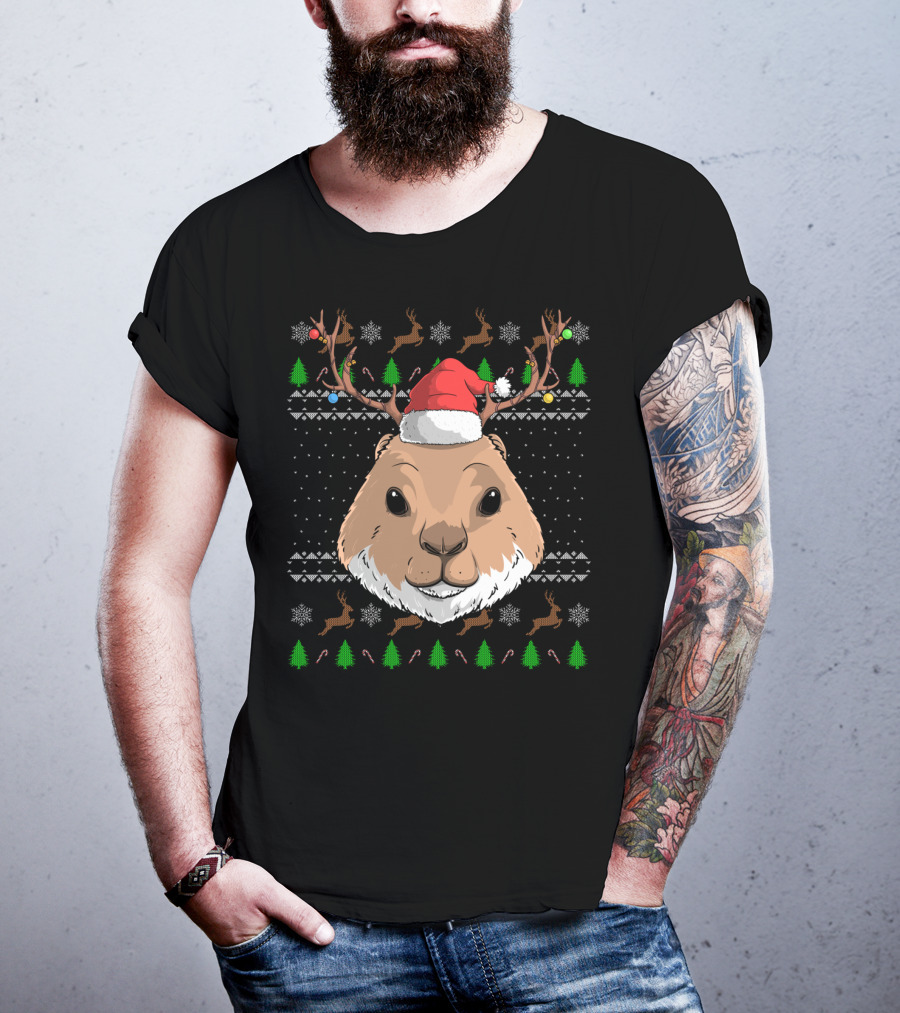 Prairie Dog Santa Claus Hat Antler Christmas Trees Reindeer Snowflakes T-Shirt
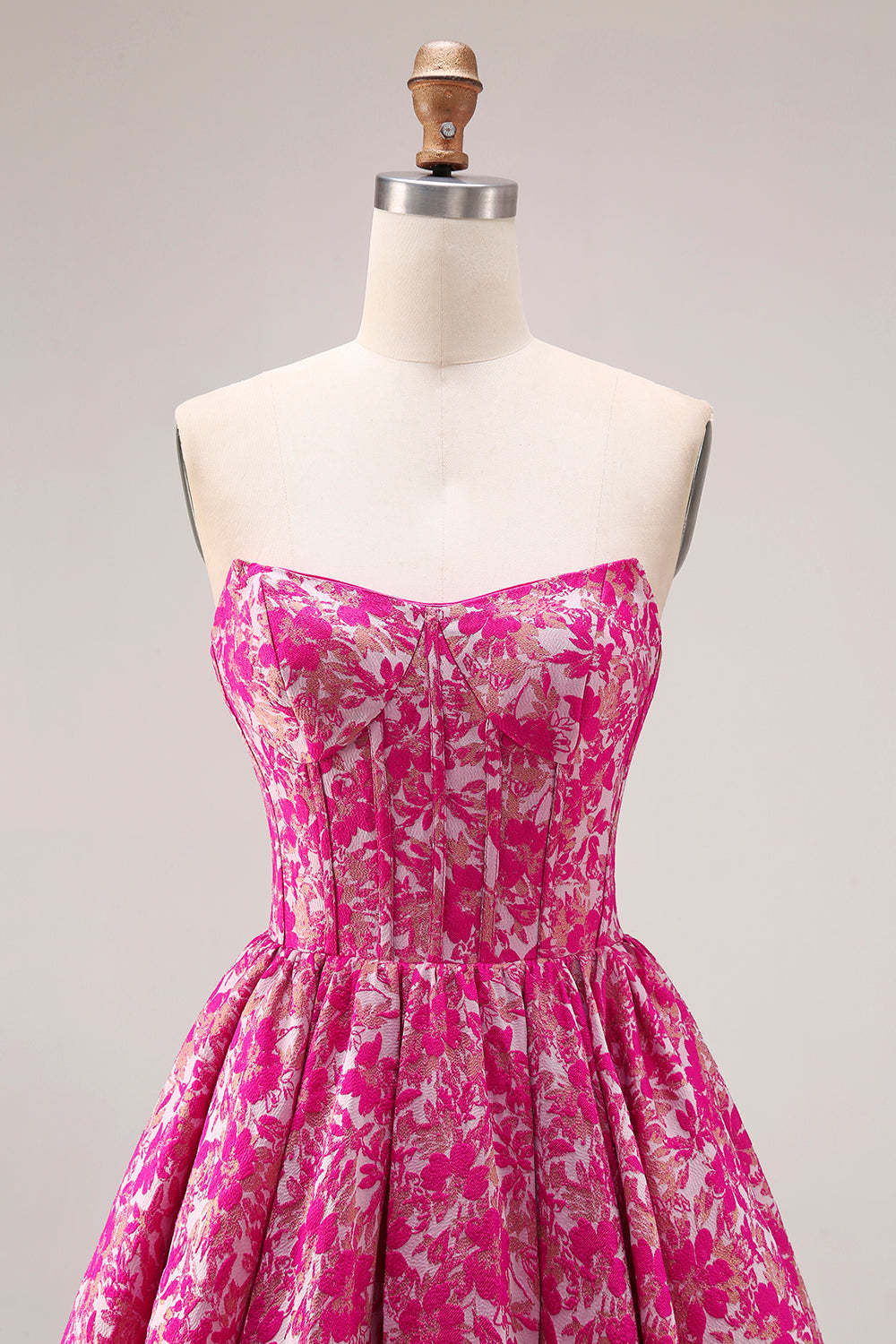 Floral Fuchsia A-Line Strapless Long Corset Prom Dress
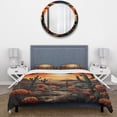 thumbnail image 3 of Designart "Tangerine Amber Cactus Desert Dusk Saguaro" Floral & Botanical Bedding Covert Set - Cactus Orange Floral Bed Set With 2 Shams, 3 of 6
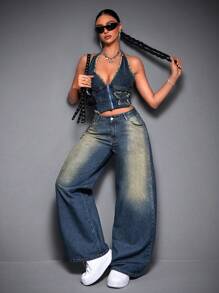 SHEIN ICON 女士休闲洗水阔腿牛仔裤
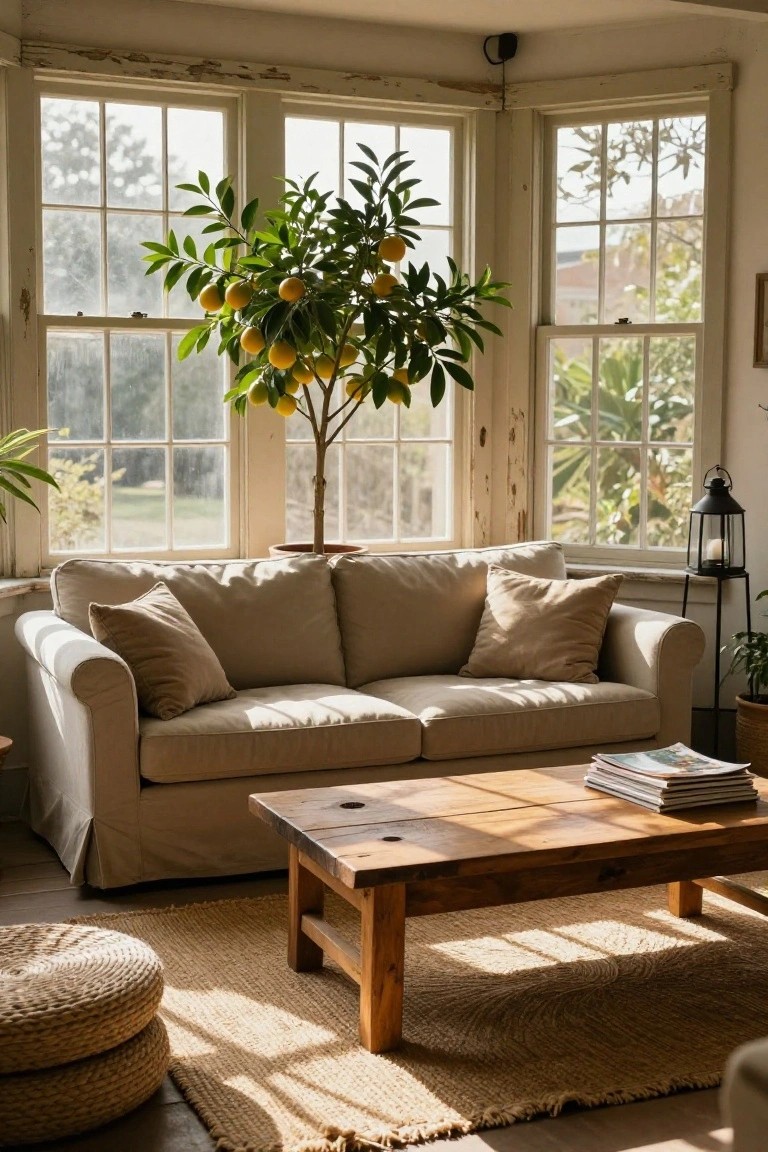 Sunlit corner of a rustic living room with large multi-paned windows, a potted orange tree, beige slipcovered sofa, low wooden coffee table with knots and magazines, seagrass rug, and two stacked seagrass poufs.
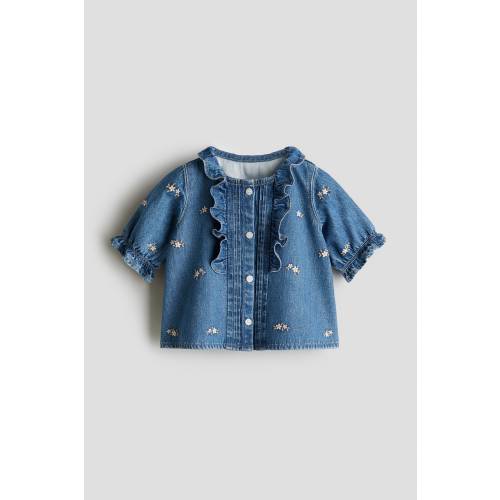 EMBROIDERED-DETAIL DENIM BLOUSE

-=-=-=-=-

Your objective:
From the entries above, output every line exactly and omit any image.

Exercise solution:
 Prairie Dog Santa Claus Hat Antler Christmas Trees Reindeer Snowflakes T-Shirt
 Floral Fuchsia A-Line Strapless Long Corset Prom Dress
 thumbnail image 3 of Designart "Tangerine Amber Cactus Desert Dusk Saguaro" Floral & Botanical Bedding Covert Set - Cactus Orange Floral Bed Set With 2 Shams, 3 of 6
 SHEIN ICON 女士休闲洗水阔腿牛仔裤
 Sunlit corner of a rustic living room with large multi-paned windows, a potted orange tree, beige slipcovered sofa, low wooden coffee table with knots and magazines, seagrass rug, and two stacked seagrass poufs.
 EMBROIDERED-DETAIL DENIM BLOUSE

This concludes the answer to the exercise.